Hemopneumothorax - penetrating injury

Case contributed by Derek Smith
Diagnosis certain

Presentation

Stabbed in right back. Hypotensive on scene, but responding to fluid challenges. Not hypoxic, normal RR.

Patient Data

Age: 20 years
Gender: Male

Large right pneumothorax, measuring 5 cm at the apex.

Pleural blunting suggesting hemothorax.

Early mediastinal shift to the left.

Right hemopneumothorax. Maximum depth at hilar level 32 mm. Homogenous fluid with no active bleeding into the pleural directly indicated.
The trachea is central. However, there is early displacement of the aortic arch to the left and the suggestion of developing tension between the radiograph and topogram.

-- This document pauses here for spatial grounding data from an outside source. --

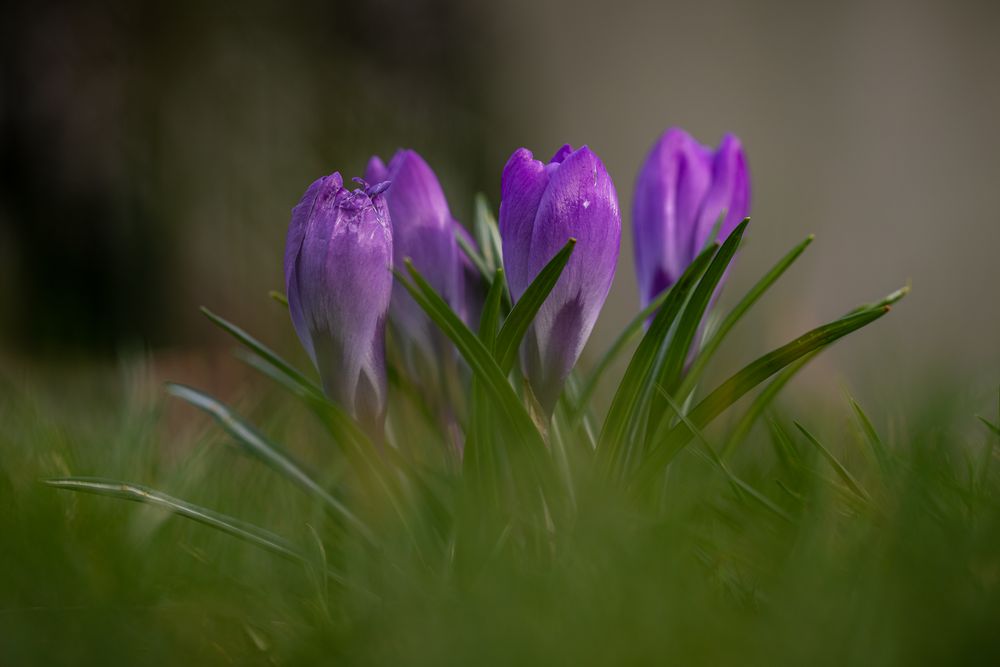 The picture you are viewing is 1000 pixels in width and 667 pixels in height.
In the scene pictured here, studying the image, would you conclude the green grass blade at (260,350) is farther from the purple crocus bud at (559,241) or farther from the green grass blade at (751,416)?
the green grass blade at (751,416)

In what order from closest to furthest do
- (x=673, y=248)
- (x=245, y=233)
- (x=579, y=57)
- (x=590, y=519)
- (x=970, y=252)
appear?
(x=590, y=519) < (x=673, y=248) < (x=970, y=252) < (x=245, y=233) < (x=579, y=57)

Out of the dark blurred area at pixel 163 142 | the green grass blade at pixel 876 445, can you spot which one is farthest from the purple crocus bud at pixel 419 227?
the dark blurred area at pixel 163 142

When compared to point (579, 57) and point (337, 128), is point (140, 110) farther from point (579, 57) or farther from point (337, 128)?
point (579, 57)

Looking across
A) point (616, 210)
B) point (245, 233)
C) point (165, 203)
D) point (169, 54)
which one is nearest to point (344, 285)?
point (616, 210)

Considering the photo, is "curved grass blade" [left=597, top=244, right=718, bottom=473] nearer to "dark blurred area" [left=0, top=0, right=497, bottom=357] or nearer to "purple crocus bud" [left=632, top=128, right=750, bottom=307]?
"purple crocus bud" [left=632, top=128, right=750, bottom=307]

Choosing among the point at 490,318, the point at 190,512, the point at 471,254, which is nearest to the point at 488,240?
the point at 471,254

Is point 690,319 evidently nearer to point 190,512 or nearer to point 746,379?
point 746,379

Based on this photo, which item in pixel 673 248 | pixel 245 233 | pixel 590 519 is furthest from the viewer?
pixel 245 233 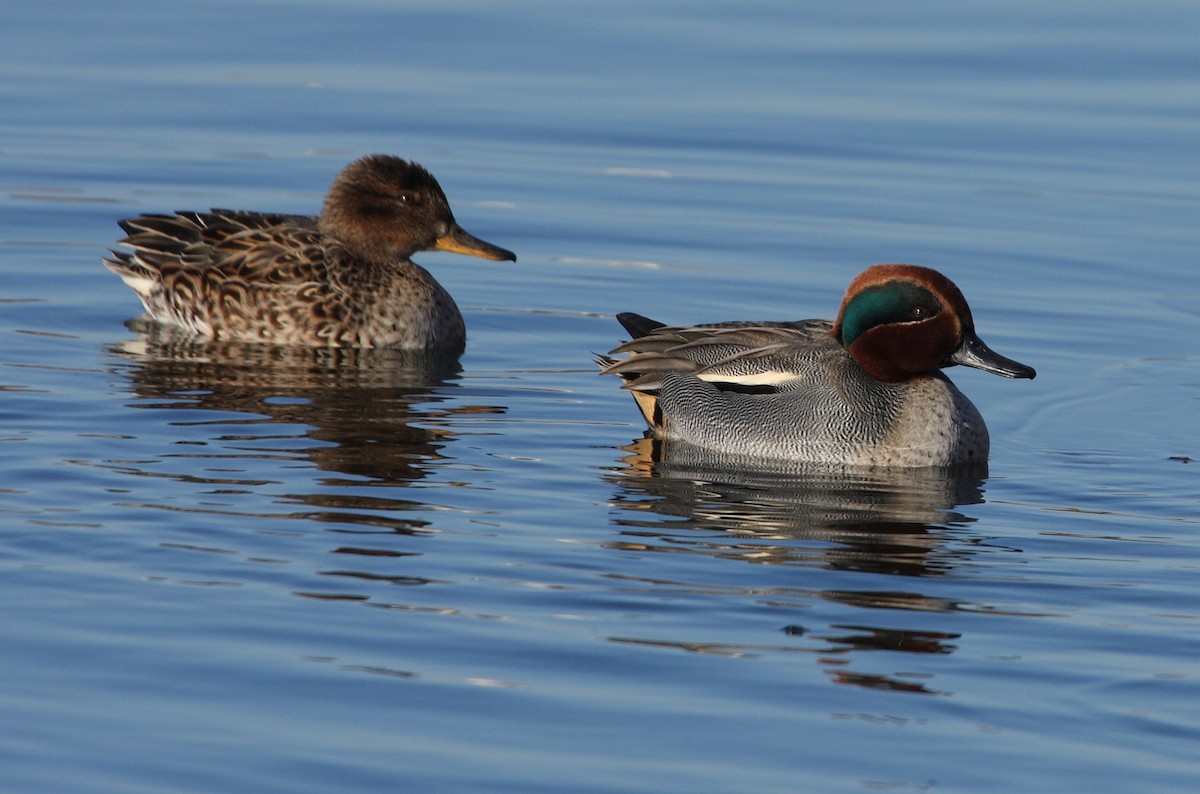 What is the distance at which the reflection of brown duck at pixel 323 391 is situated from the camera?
419 inches

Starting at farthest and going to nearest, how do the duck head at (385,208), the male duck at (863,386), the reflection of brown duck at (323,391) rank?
the duck head at (385,208), the male duck at (863,386), the reflection of brown duck at (323,391)

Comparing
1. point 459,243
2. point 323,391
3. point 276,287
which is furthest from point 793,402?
point 276,287

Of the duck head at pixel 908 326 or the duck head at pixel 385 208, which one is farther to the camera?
the duck head at pixel 385 208

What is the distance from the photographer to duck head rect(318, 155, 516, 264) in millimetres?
13875

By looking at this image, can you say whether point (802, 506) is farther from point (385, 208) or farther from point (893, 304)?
point (385, 208)

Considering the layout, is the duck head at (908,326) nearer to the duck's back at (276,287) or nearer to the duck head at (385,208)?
the duck's back at (276,287)

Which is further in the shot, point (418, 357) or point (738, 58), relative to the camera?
point (738, 58)

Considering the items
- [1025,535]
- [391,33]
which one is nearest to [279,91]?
[391,33]

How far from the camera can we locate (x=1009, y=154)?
18.1 metres

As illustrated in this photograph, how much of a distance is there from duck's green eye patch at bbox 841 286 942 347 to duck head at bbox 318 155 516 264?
358 cm

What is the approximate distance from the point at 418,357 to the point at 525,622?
214 inches

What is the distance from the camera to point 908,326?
1091 cm

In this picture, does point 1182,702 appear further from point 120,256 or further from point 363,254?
point 120,256

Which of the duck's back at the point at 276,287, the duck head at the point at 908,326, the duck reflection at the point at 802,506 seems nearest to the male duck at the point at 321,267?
the duck's back at the point at 276,287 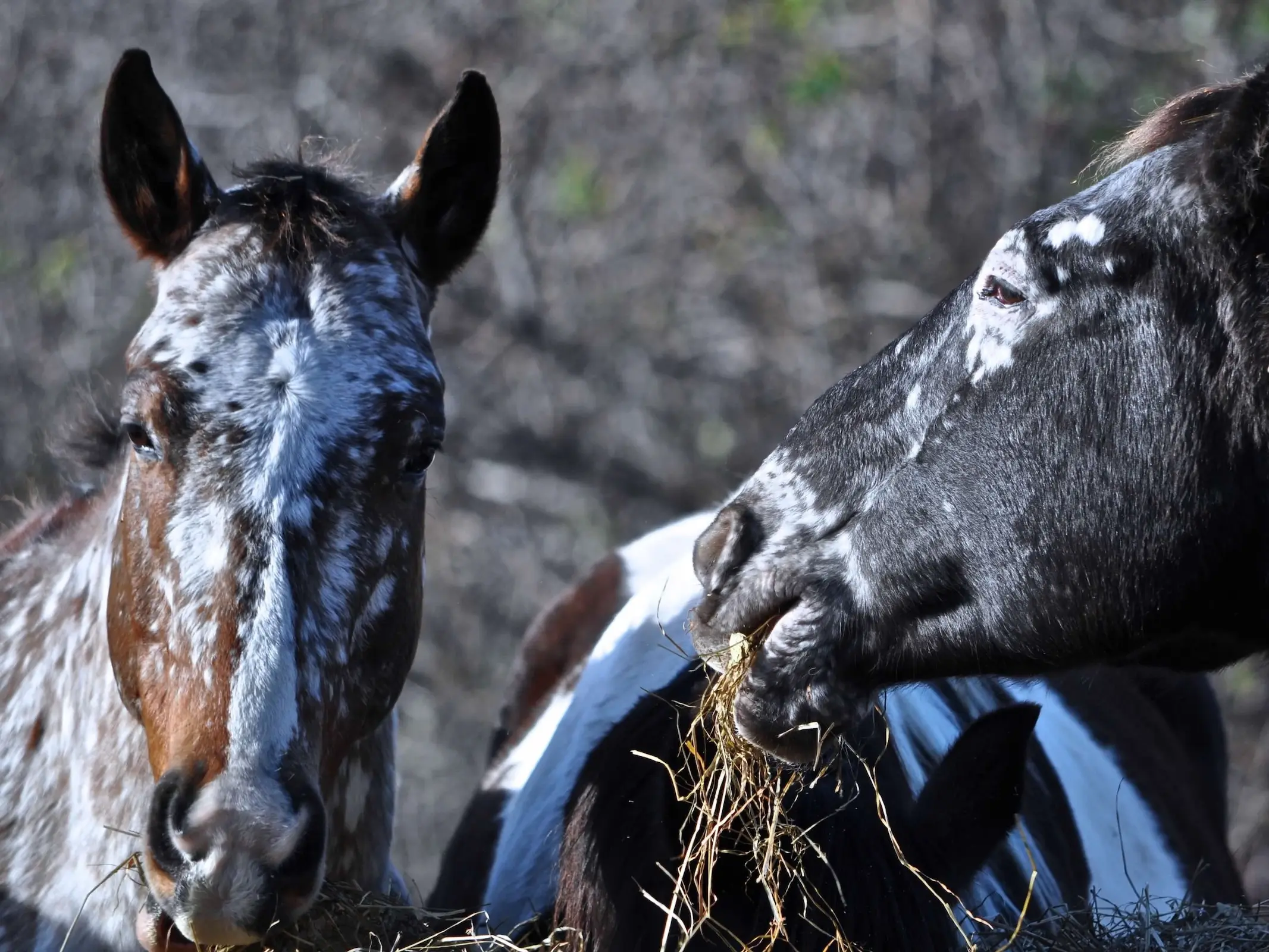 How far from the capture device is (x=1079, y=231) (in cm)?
214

Pulmonary lacerations in the right lower lobe at the T7/T8 level. Although these are small they run alongside arterial and venous pulmonary vessels and do contain fluid levels indicating hemorrhage. It is difficult to see an entry wound directly correlating with the lacerations, but the slight upward trajectory suggests the intercostal bundle has been avoided.

No pneumomediastinum. The left lung is clear. No mediastinal abnormality.

No pericardial or hepatic injury. Unremarkable included abdominal structures.

Subcutaneous gas extends along the size of the paraspinal muscles to C7 superiorly and at least L1 inferiorly. No subcutaneous hematoma nor collection.

Normal included skeleton.

Case Discussion

Large right hemopneumothorax, with tensioning developing between CXR and CT.

Posterior chest wall penetrating injury, but no active bleeding demonstrated.

Intercostal drain inserted. Otherwise managed conservatively with no complications.